Lisa Photojournalist , Social Media
Im Rahmen Ihres jährlich wiederkehrenden Auftrittes um Weihnachten herum in Jena, haben wir die Gelegenheit genutzt um mit dem Sänger von Keimzeit ein paar Fragen auf den Grund zu gehen.

 

Lisa R:A: Keimzeit spielt nicht das Erste Mal in Jena. Laut meiner Recherche dürfte es der zehnte Besuch sein. Seit 2013 scheint es jährlich ein fester Bestandteil eurer Tourneen zu sein.
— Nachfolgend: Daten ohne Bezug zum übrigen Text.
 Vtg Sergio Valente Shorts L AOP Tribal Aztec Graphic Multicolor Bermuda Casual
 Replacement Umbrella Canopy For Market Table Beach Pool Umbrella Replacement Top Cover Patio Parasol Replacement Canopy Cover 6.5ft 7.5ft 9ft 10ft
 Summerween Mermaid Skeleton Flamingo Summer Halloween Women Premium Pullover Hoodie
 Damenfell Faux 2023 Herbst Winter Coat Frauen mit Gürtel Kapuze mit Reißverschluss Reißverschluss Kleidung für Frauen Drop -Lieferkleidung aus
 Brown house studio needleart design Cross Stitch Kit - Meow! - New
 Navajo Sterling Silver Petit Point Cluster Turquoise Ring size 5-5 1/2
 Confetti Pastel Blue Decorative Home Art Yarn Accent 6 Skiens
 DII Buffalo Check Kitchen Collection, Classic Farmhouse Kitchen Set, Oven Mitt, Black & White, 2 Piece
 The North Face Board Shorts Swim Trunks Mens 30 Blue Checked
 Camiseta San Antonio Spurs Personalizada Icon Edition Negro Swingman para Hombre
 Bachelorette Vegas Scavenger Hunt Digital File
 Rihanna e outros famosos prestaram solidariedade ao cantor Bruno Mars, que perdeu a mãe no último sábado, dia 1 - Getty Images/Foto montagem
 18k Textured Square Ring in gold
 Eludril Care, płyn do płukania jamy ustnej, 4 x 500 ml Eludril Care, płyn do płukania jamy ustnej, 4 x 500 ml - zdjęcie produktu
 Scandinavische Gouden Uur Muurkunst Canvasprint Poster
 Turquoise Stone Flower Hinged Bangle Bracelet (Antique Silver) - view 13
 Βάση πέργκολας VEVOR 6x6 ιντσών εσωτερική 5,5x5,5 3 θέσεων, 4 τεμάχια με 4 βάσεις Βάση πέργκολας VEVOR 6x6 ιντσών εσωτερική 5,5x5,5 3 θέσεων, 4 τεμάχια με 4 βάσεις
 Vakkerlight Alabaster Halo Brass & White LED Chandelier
Was gefällt euch besonders an Jena?

 

Norbert Leisegang: Es ist kein Zufall, wir sind ja schon seit den 90ern im Rosenkeller in Jena dabei, das hat mit dem Chef im Rosenkeller, dem Alf, der ja auch das F-Haus bewirtschaftet, zu tun. Und wenn es Alf und seine Crew nicht geben würde, dann würde es nicht so viel Keimzeit in Jena geben. Und wir arbeiten mit Alf schon lange und gut zusammen, das ist gewachsene Zusammenarbeit und wir sind glücklich darüber ihn hier zu haben. Und dann wissen wir auch, dass eine Menge Leute aus Jena und Thüringen sich jedes Mal schon freuen, wenn es im Dezember Keimzeit im F-Haus gibt.

 

Lisa R:A: Ihr habt euch 1980 in Lütte unter dem Namen Jogger gegründet und 1982 wurde daraus Keimzeit. Hattet ihr damals eine spezielle Intention den Namen zu ändern und wie ist er entstanden?

 

Norbert Leisegang: Das ist ganz einfach erklärt, am Anfang haben wir viel gecovert, gerade anglo-amerikanische Musik, z.B. Simon Garfunkel, die Beatles und ein bisschen Rolling Stones, verschiedenes haben wir gespielt. Und dann habe ich selbst angefangen, aufgrund der neuen deutschen Welle in den 80ern, inspiriert von Bands wie Extrabreit und Einstürzende Neubauten, selbst Songs zu schreiben. Und dann war uns der Name Jogger zu Englisch und haben uns dann nach einem deutschen Namen umgeschaut und uns kurzer Hand Keimzeit genannt.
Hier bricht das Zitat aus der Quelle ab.